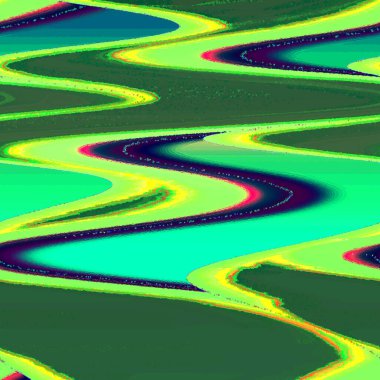 creative abstract background with artistic pattern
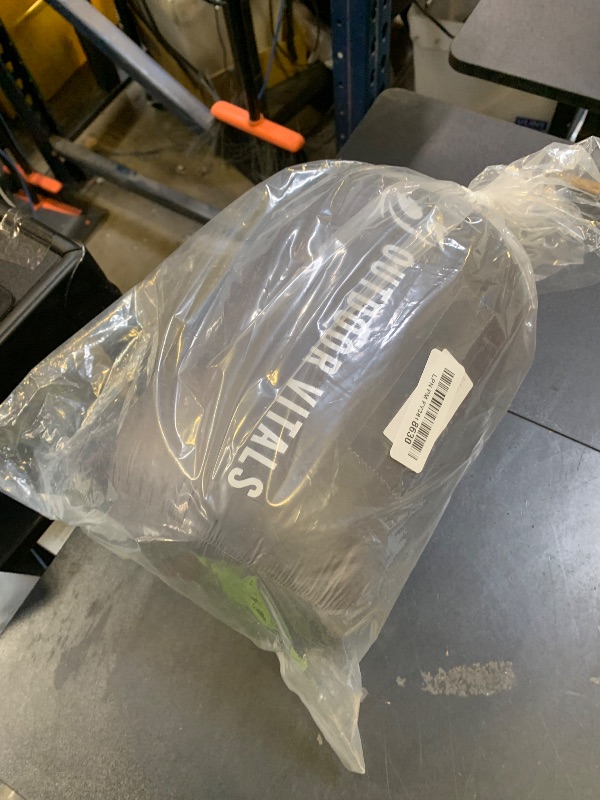 Photo 1 of Outdoor Vitals Down UnderQuilt for Ultralight Backpacking - 15 Degree Regular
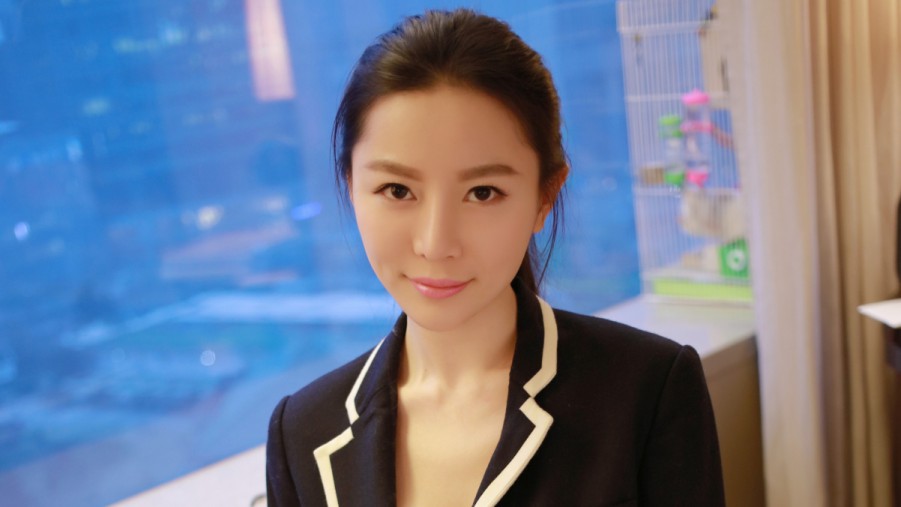 小个子穿搭颜色怎么选？肤色对照表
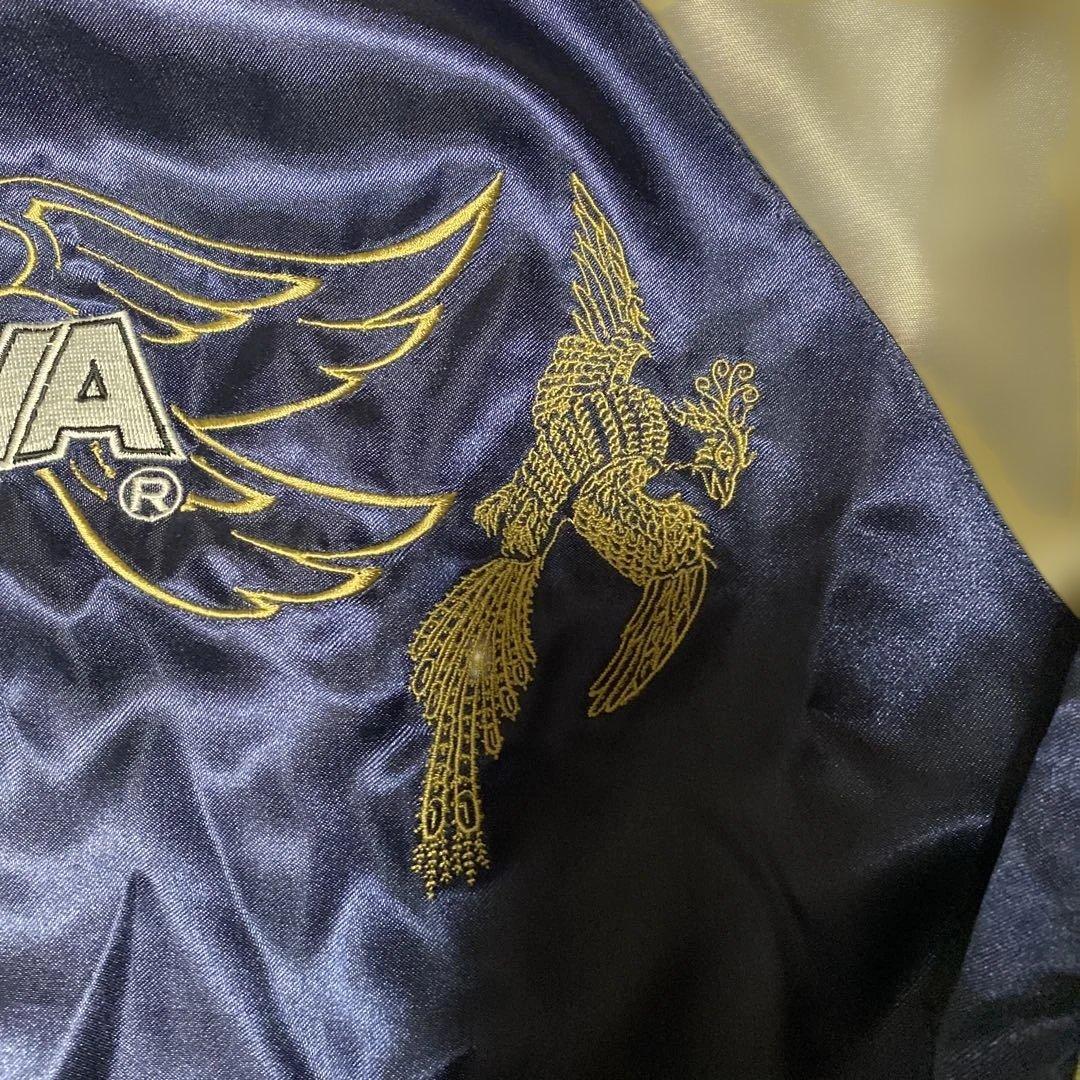 N*️様 E.YAZAWASUNTORY THE PREMIUM MALT'S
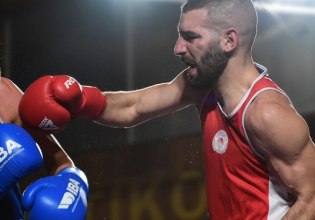 Ολυμπιακός: Σε 15 ημιτελικούς, με 17 αθλητές οι «ερυθρόλευκοι»!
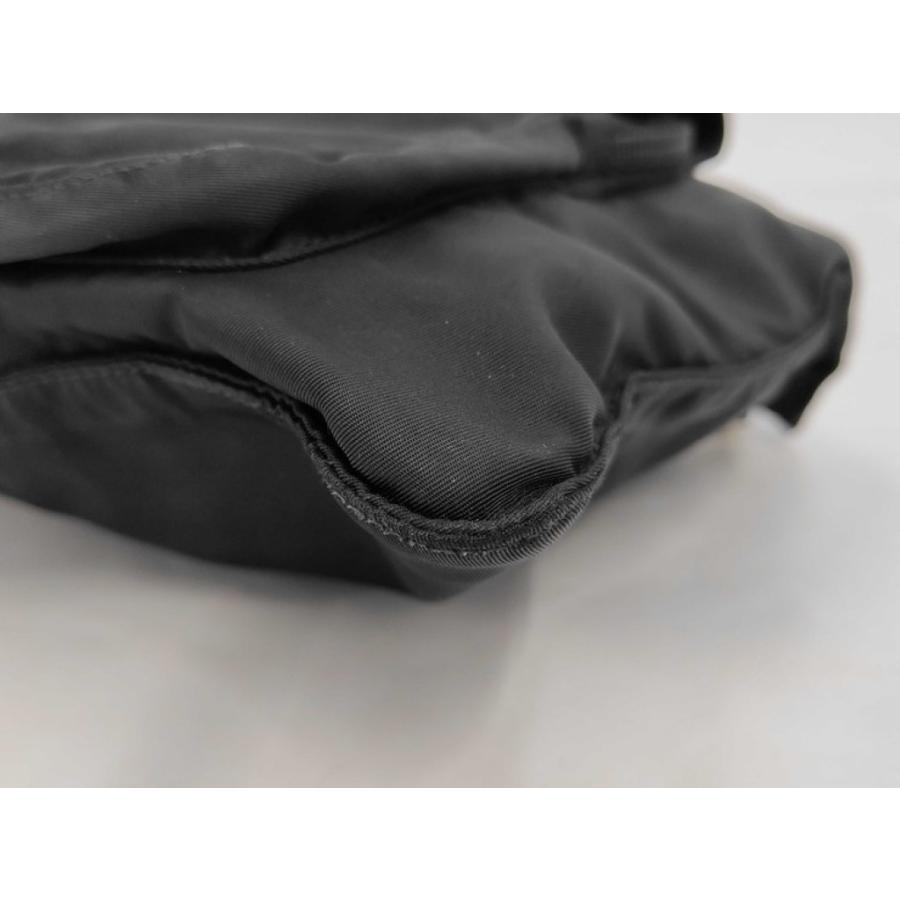 PRADA（プラダ） ショルダーバッグ トライアングルロゴ BT0520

---+---

## WHAT TO WORK ON
Transcribe every line in the entries above, taking out only the images.

## SOLUTION BELOW
 creative abstract background with artistic pattern
 Photo 1 of Outdoor Vitals Down UnderQuilt for Ultralight Backpacking - 15 Degree Regular
 小个子穿搭颜色怎么选？肤色对照表
 N*️様 E.YAZAWASUNTORY THE PREMIUM MALT'S
 Ολυμπιακός: Σε 15 ημιτελικούς, με 17 αθλητές οι «ερυθρόλευκοι»!
 PRADA（プラダ） ショルダーバッグ トライアングルロゴ BT0520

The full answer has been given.